* [About this exercise] The answer is the exact run of lines in the listing below from the line containing "Side view of" up to and including the line containing "Image of Hands, businesswoman", with pictures removed.
-------- Extracted data
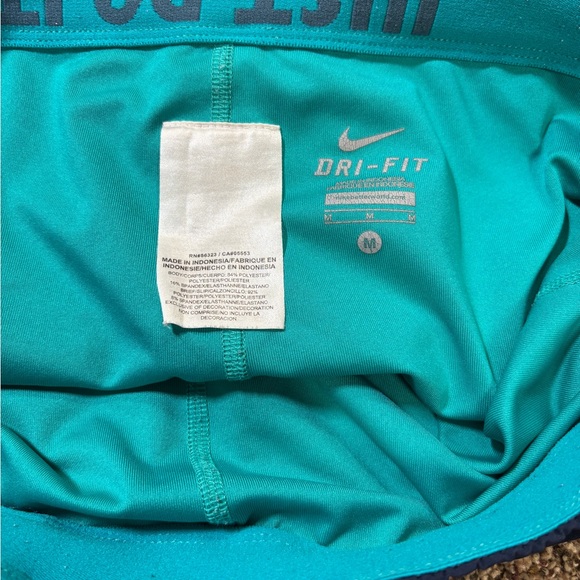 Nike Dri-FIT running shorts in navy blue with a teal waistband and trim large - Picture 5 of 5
----------------
-------- Extracted data
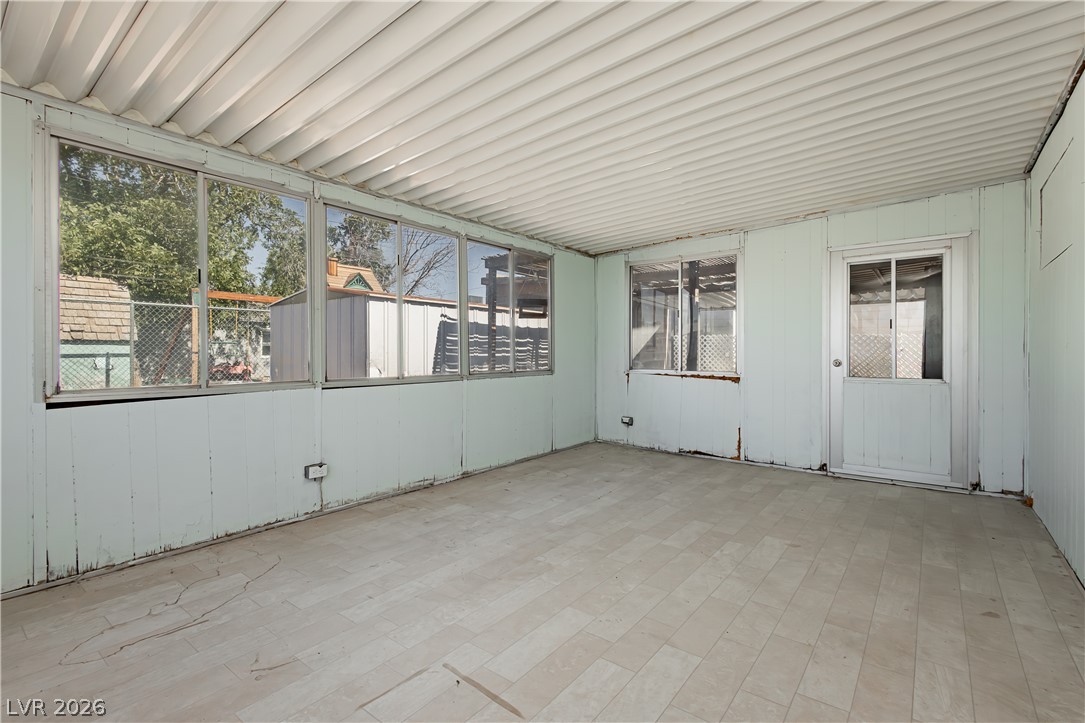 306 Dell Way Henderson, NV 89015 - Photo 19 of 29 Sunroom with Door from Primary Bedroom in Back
----------------
-------- Extracted data
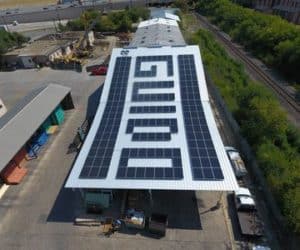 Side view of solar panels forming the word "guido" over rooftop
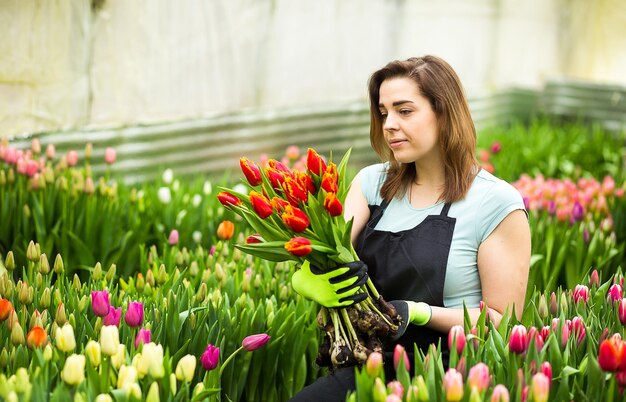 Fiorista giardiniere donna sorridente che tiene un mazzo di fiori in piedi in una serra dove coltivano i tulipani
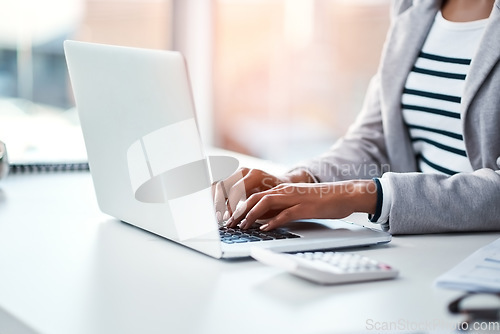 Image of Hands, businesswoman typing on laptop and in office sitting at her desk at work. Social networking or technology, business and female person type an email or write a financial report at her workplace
----------------
* [Solution to this task]
 Side view of solar panels forming the word "guido" over rooftop
 Fiorista giardiniere donna sorridente che tiene un mazzo di fiori in piedi in una serra dove coltivano i tulipani
 Image of Hands, businesswoman typing on laptop and in office sitting at her desk at work. Social networking or technology, business and female person type an email or write a financial report at her workplace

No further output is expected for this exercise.